Subscribe - literally, to “underwrite” or “sign on to” something; to endorse or support, sometimes by monetary contributions. One can subscribe to a content creator’s YouTube channel, for example, or subscribe to a particular theory or belief. (In the latter sense, “ascribe” is often mistakenly used for “subscribe”.)
Also:
Epigram - a brief witty remark or “zinger”.
Epigraph - an inscription on a material object such as a building or a statue. Or, a short thematic passage or quotation at the start of a book chapter.
Epitaph - an identification and/or description commemorating a deceased person.
offing: the part of the sea that is visible from but not close to shore; hence, figuratively, the foreseeable future offering: something offered for sale or as a gift or sacrifice
The company’s CEO suggested that an initial public offering is in the offing, provided the offering to Beelzebub is met with propitious signs. All hail Beelzebub.
There was nothing in your original post about restricting the examples to words currently “in common usage”, nor does the wording of the thread title suggest it.
If you’re taking votes on the issue, I’d vote for continuing to allow archaic words in the examples. Some people do still use, or encounter, archaic words no longer in common usage, and would nonetheless like not to get them confused with other words.
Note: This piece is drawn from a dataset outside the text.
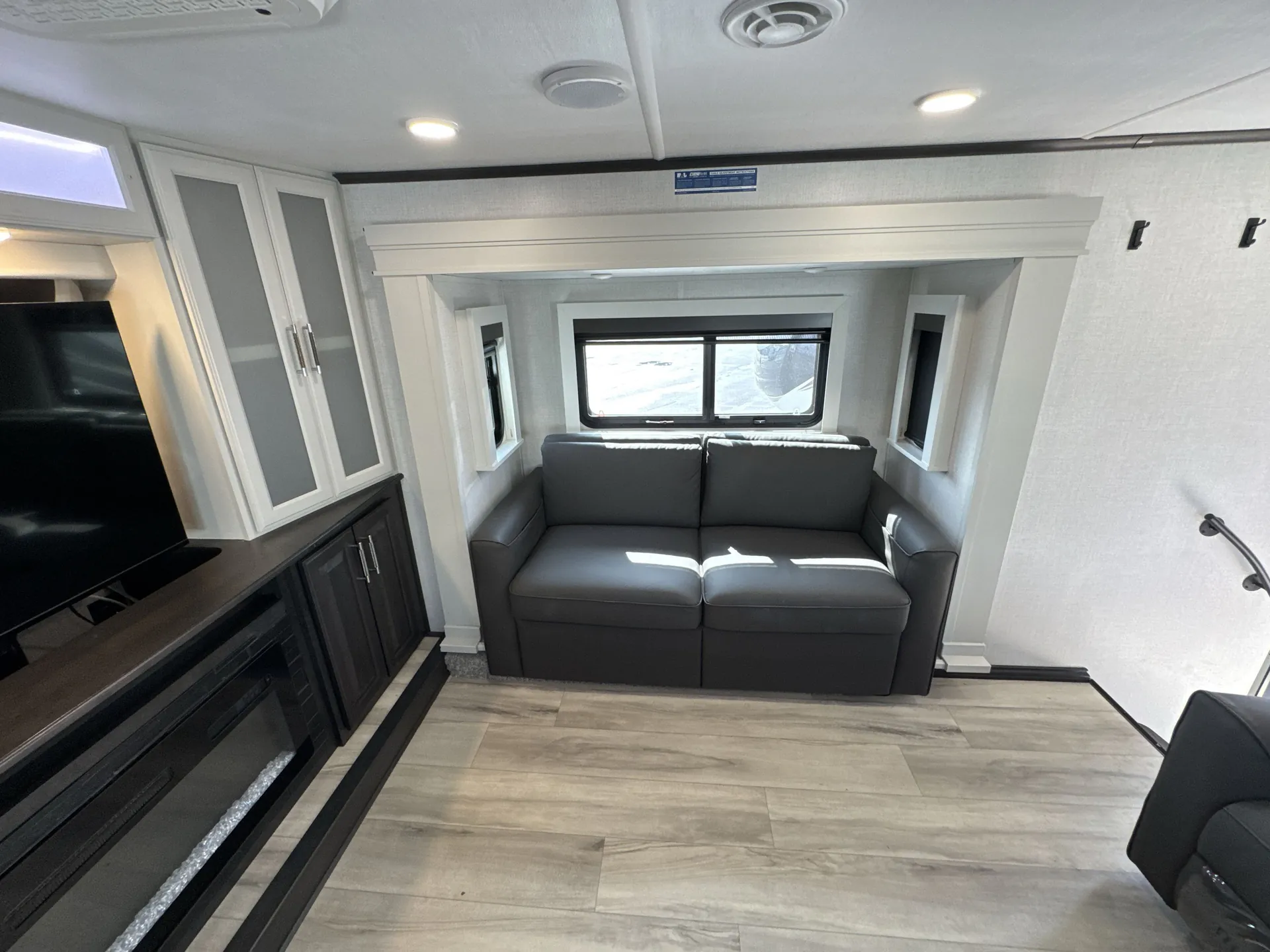2025 Keystone Alpine 3700FL — living area main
How would one get confused about words that nobody ever uses? To me the thread title very much implies things that happen with some regularilty, but YMMV.
“Words no longer in common usage” != “words that nobody ever uses”, IMHO.
I think the hassle of figuring out where to draw the boundaries on “common usage” would not be justified by whatever benefit would hypothetically accrue from disallowing obsolete words. But then, I’m not the OP so I don’t make the rules.
Not sure, though; for example, I was surprised to see that nobody had picked the “subscribe/ascribe” nit prior to my recent post about it. I bet there are still quite a few currently common confusable words out there that we haven’t yet pinned in this semantic butterfly box.
I think a reasonable loose standard might be words that we’ve actually encountered in the wild, which will be different for different people, not some absolute rule “that’s not allowed”. But I do get the sense that somebody is having fun searching through the OED
Yeah, or maybe they just read a lot of historical romance novels.
To be fair, though, gardeners and landscapers still routinely use “flowery mead” as a technical term for a certain type of not-lawn planting. And I still see the phrase “meed of praise” in the wild every now and then.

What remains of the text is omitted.